Martyrs 16: Matthias Waibel; Fick's heart theology; a folk song;

Matthais Waibel
(from Rabus)
      This continues from Part 15 (Table of Contents in Part 1a and Part 1b) publishing the book of Hermann Fick on the martyrs of the Evangelical Lutheran Church.  —  Part 15 presents the essay on Matthias Waibel.
      There is an article on Waibel in the German Wikipedia here, however, I am reserving the better record of Waibel to be from Hermann Fick. — Fick begins this essay with a thrilling synopsis of the Reformation.  Modern theologians, like Robert Kolb, tone down this history.  But it is Fick and the old (German) Missouri Synod who bring the Reformation to our day.  Sadly, the "Center for Reformation Research" fails to do this as it should be done.  Robert Kolb and his "Center" largely followed the "wissenschaftlich" method, the "scientific method".  Luther, Walther, Pieper, and Hermann Fick followed a "heart" theology, a heart of faith.
[Many song stanzas omitted. Apologies for my poor translation of these – Pastor Joel Baseley and Matthew Carver are vastly superior in translating hymn verses.]
Some highlighting added; hyperlinks added for reference.
------------------------------------------------------------
by C.J. Hermann Fick
(tr. by BackToLuther)
XVI.
Matthias Waibel. [2019-03-22 fix link]
"Your holy suffering!
I'm not worthy of you;
The world I will gladly avoid,
Lord, to thy name."
(Waibel under the tree on which he was to be hanged)
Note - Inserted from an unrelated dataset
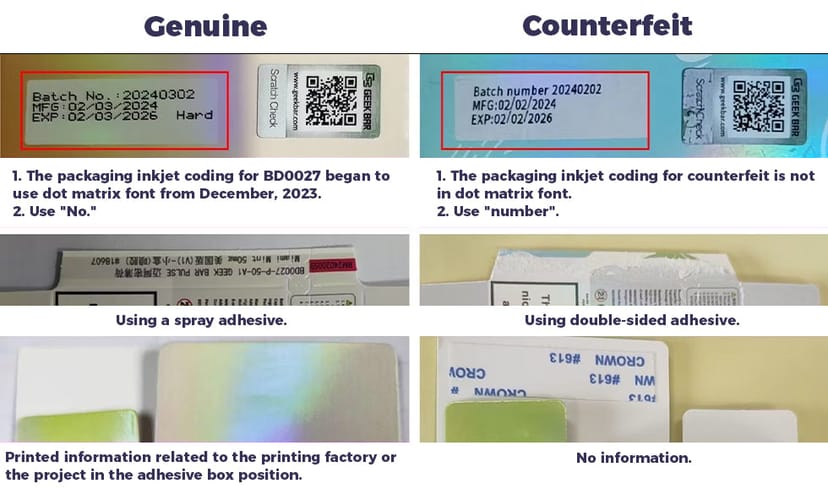 Geek Bar Genuine vs Counterfeit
The Holy Spirit foretold by the prophet Daniel 11:44: "But tidings out of the east and out of the north shall trouble him: therefore he shall go forth with great fury to destroy, and utterly to make away many."  This prophecy is fulfilled at the time of the Reformation.  For a long time the blessed voice of the Gospel had in fact died away and ceased, and the Roman Antichrist tyrannized the Church of God with incredible cruelty. But then God raised his faithful witness, Dr. Martin Luther, the Swan, of which the dying John Huss had predicted at the stake.  Through him rang again the joyful sound of the gospel, which is adopted by countless people, preaching, praise and became known.  That was the cry, which resounded from midnight, from the North of Europe in Germany, startled the Pope and like unto Jericho's trombones, crashed down the walls of his reign.  And if also the Pope succeeded in destroying many faithful Lutherans, yet he could not destroy God's Word and Luther's doctrine.  This cry frightens him and will frighten him up to the dear Day of Judgement.
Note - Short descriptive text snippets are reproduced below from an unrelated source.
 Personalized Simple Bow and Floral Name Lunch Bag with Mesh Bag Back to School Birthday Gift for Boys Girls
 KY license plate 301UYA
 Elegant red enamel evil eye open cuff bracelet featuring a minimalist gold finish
Of it a poet who described the martyrdom of our Waibel sings with the words:
"From midnight here flew
A swan with his singing,
Through Europe moved,
Delivering by constraint [page 118]
They who sat in darkness,
Kindled to the bright light:
The Antichrist without masses
He did bring down to the ground.

 "When at the same times
the Gospel
Be even spread out far
In Germany, over and over.
There was falling to the ground
The anti-Christian Empire,
The Pope's indulgence and bulls
Were likewise destroyed.

"The devil and his rotting
Raged very cruel.
Therewith he would break in misery
The evangelical teaching.
He actively cleaves that you
Were terribly murdered
With fire, swords and rods
And much plagues me hard."
Among these martyrs was our Waigel, who will be forever dear and unforgettable to the Evangelical Lutheran Church. For he was a holy man, as our fathers by him boast, and a faithful confessors and martyrs of Jesus Christ. And the poet sings of him:
"Whoever acts ashamed of,.
He has no Christian blood."
Matthias Waibel was born in Allgau, about two miles from Kempten in the village Martinszell, which lies between Immenstadt, and Kempten in the Swabian Neuburg districts of Bavaria and belonged to the territory of the Abbot of Kempten. His parents were honest, pious peasants. His father, Hans Waibel, took him by shepherd’s staff to Kempten to board with a citizen, where he spent two years studying at the local monastery school.  There he excelled in discipline and teaching so before the others that the abbot took him to the monastery, and had him studying at his expense.  And because he stayed devout in doctrine and life, keeping diligent and collected, so the abbot entrusted him with the office of supervisor over some young monks, and sent him with them to the high school at Vienna in Austria.  There, he studied with earnestness and zeal, and held an honorable and [page 119] chastise lifestyle, as is attested by many truly pious divines.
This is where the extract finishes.